Christophe Bonneuil et Jean-Baptiste Fressoz, dans leur déterminant L’Événement anthropocène, disqualifient la notion sur un plan épistémologique. Celle-ci laisse entendre qu’on peut réguler notre rapport à la nature, en articulant certains indicateurs pour maintenir disponible une ressource qu’on a l’intention d’exploiter encore le plus intensément possible. C’est faire comme si, hormis les quelques variables qu’on retient, toute chose reste égale par ailleurs (ceteris paribus sic stantibus). Or, à l’époque des bouleversements climatiques, de l’extinction de masse des espèces, de l’Anthropocène et de la perspective multicrise à laquelle ils ouvrent au xxie siècle, rien n’est égal par ailleurs, tout bouge, tout se transforme. Pour le pire et de façon irréversible. « L’Anthropocène annule donc le projet irénique et rassurant d’un “développement durable”.

Ce concept dérivait de la notion de “rendement soutenu maximal” conçue par les gestionnaires des ressources halieutiques des années 1950, elle-même héritière de la notion de “gestion soutenable” (nachhaltig) des sciences forestières allemandes du xviiie siècle. Il véhicule deux illusions aujourd’hui malmenées par l’avènement de l’Anthropocène. Premièrement, il laissait croire à la possibilité de perpétuer une croissance économique moyennant un peu plus de “conservation” de l’environnement. […] Deuxièmement, la notion de “développement durable” reposait également sur l’idée d’une nature linéaire et réversible et l’existence d’un régime stationnaire idéal. »

Mais dans un temps où le substrat même de la nature est altéré en profondeur par les effets destructeurs de l’activité industrielle, s’enquérir de la modification de quelques paramètres alors que l’ensemble au complet chavire en vient à se questionner sur une étoile morte. En plus d’être lourdement empreint d’idéologie, le questionnement sur le « développement durable » ne dissimule plus son caractère passéiste.

Même ceux qui y ont cru un temps n’y voient aujourd’hui que du vent.
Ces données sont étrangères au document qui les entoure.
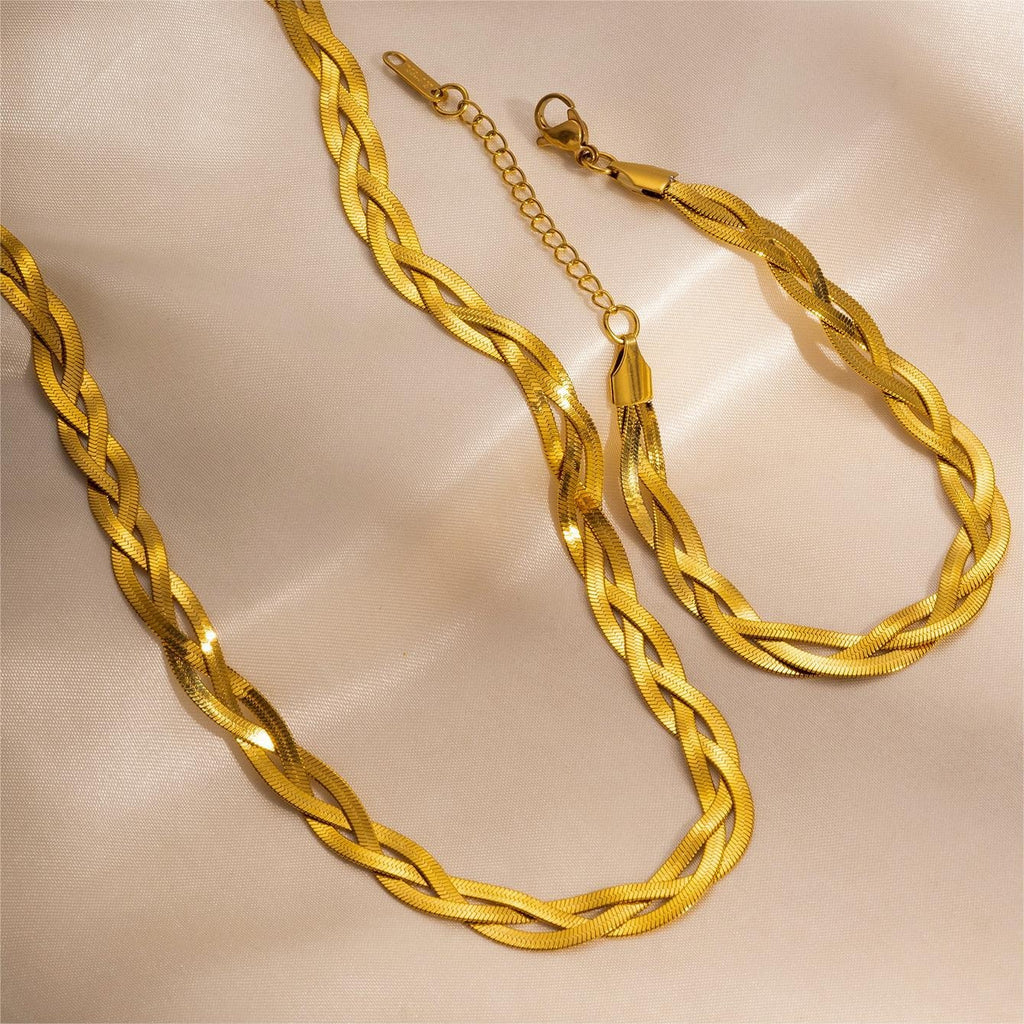 Sleek Stylish Alloy Jewelry For Women by Ricaloux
L’historien des sciences Dominique Pestre conçoit l’expression aujourd’hui comme un « slogan », « un leitmotiv plastique dont chacun se revendique, mais qu’il interprète librement », à l’instar d’autres barbarismes de l’époque comme « la bonne gouvernance ». Il regrette que de telles expressions, incontestables du fait de rester floues, empêchent la critique et nuit même illico à quiconque les remet en question.

Dans cette catégorie, Jim Bendell fait même partie des repentis du « développement durable ». Spécialiste en la matière, professeur à l’Université Cumbria en Angleterre, membre du comité de rédaction de la revue Sustainability Accounting, Management and Policy, les lectures qu’il additionne à l’occasion d’un congé sabbatique à la fin de la décennie 2010 l’amènent à revoir complètement ses positions : les changements climatiques comportent trop de conséquences majeures, irrémédiables et systémiques pour que nous puissions continuer à réfléchir en somnambules aux quelques paramètres que nous pourrions altérer pour maintenir le régime productiviste que nous servons ; il est anormal que les spécialistes du « développement durable » ne traitent jamais de ces questions de fond. Si l’article qui en a découlé, qu’il a proposé au comité de la revue dont il faisait partie… a été refusé au motif qu’il n’était pas suffisamment « scientifique », il a tout de même été à l’origine du mouvement civique Extinction Rébellion, qui sauve l’honneur actuellement.

On peut certes enseigner cette page d’histoire du « développement durable », et en tenir compte dans les programmes d’études et de recherche, mais on ne saurait prendre fait et cause pour une argumentation aussi tendancieusement idéologique, en se prétendant visionnaire, pluraliste, critique et scientifique, ni en se disant agir pour le bien de la société.